[EXERCISE BRIEF] Leaving out the pictures, write out exactly each line from the line with "127H W Evans St — Photo 10" through the close of the listing below.

[PROVIDED RECORDS]

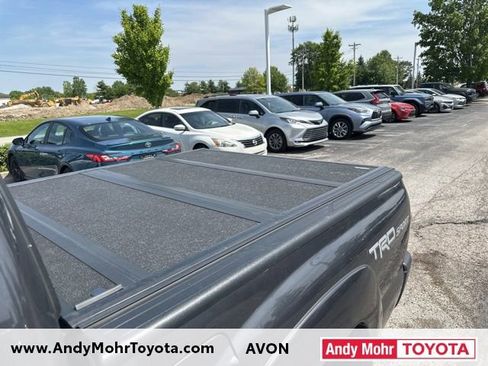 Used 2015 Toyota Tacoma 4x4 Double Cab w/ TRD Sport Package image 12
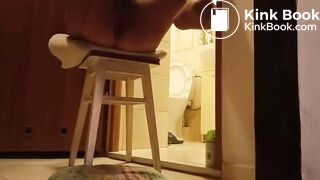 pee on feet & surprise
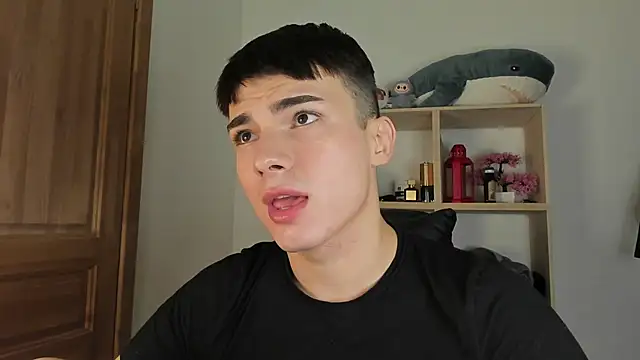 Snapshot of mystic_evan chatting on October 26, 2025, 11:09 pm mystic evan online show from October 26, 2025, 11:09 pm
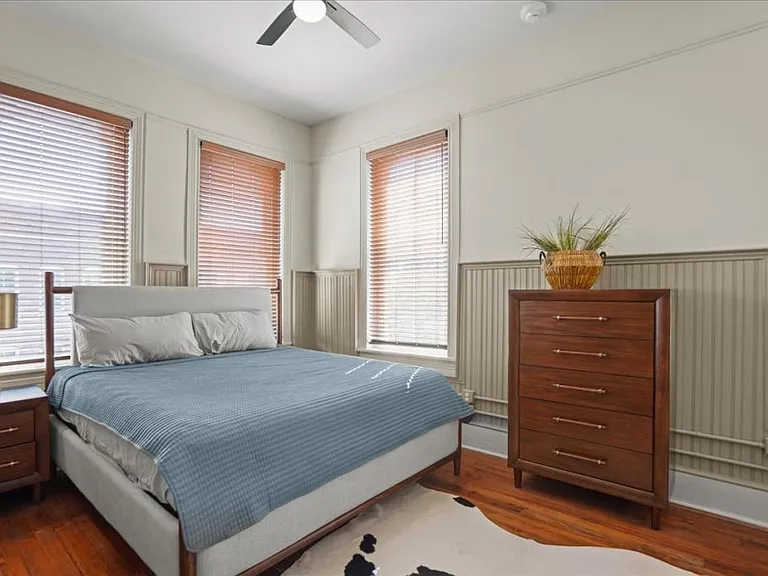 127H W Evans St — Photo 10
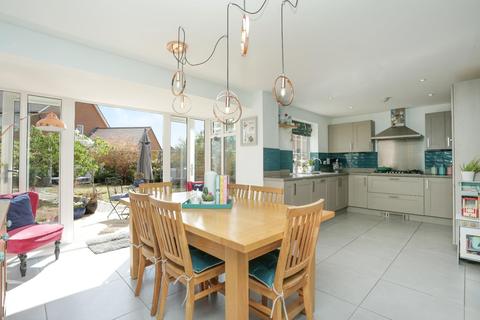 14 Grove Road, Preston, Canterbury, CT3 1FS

[/PROVIDED RECORDS]

[EXERCISE RESPONSE]
 127H W Evans St — Photo 10
 14 Grove Road, Preston, Canterbury, CT3 1FS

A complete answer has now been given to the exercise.